/Activation_Function

Some most common type of Activation_Function for Deep Learning

GNU General Public License v3.0GPL-3.0

Activation_Function

Some commonly-used activation functions in neural networks are:

1. Sigmoid activation function

Key features:

*The sigmoid function has an s-shaped graph.

*This is a non-linear function.

*The sigmoid function converts its input into a probability value between 0 and 1.

*It converts large negative values towards 0 and large positive values towards 1.

*It returns 0.5 for the input 0. The value 0.5 is known as the threshold value which can decide that a given input belongs to what type of two classes.

Code:

import numpy as np

def sigmoid(x):
    return 1 / (1 + np.exp(-x))

# Test
x_values = np.linspace(-10, 10, 100)  # create 100 points between -10 and 10
y_values = sigmoid(x_values)

# Plotting
import matplotlib.pyplot as plt

plt.plot(x_values, y_values)
plt.title("Sigmoid Activation Function")
plt.xlabel("Input")
plt.ylabel("Output")
plt.grid(True)
plt.show()

sigmoid

Usage:

*In the early days, the sigmoid function was used as an activation function for the hidden layers in MLPs, CNNs and RNNs.
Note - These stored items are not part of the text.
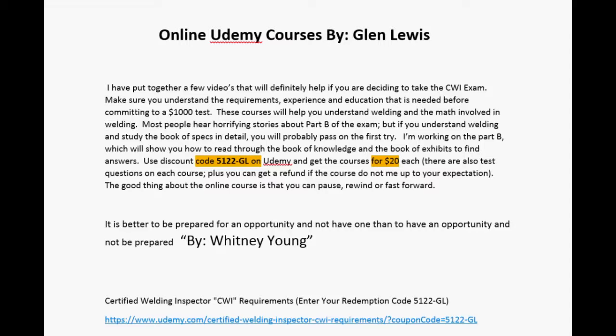The great thing about online courses is that you can pause, rewind, fast-forward, go back, and play them over and over again.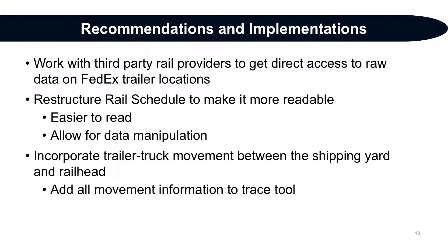Our recommendations are as follows. Work with third party rail providers to get direct access to raw data on FedEx trailer locations. FedEx gets a large part of their information from the rail carriers themselves, and we recommend they renegotiate to gain access to those data sets at their source. Restructure the current rail schedule to ensure it is readable at a glance while still being formatted so it can be easily manipulated and included directly. The new ability to track trailers via railroads creates an opportunity to combine the two tracking systems.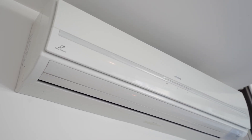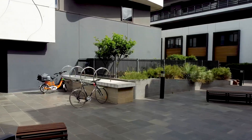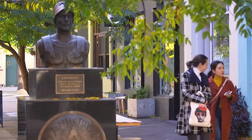The modern comforts of a split system heating and cooling, secure intercom entry, a great communal courtyard, and only moments to transport, parkland, great cafes and restaurants, and shopping.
*The sigmoid function must be used in the output layer when we build a binary classifier in which the output is interpreted as a class label depending on the probability value of input returned by the function.

*The sigmoid function is used when we build a multi label classification model in which each mutually inclusive class has two outcomes.

Drawbacks:

*The sigmoid function has the vanishing gradient problem. This is also known as saturation of the gradients

*The sigmoid function has slow convergence.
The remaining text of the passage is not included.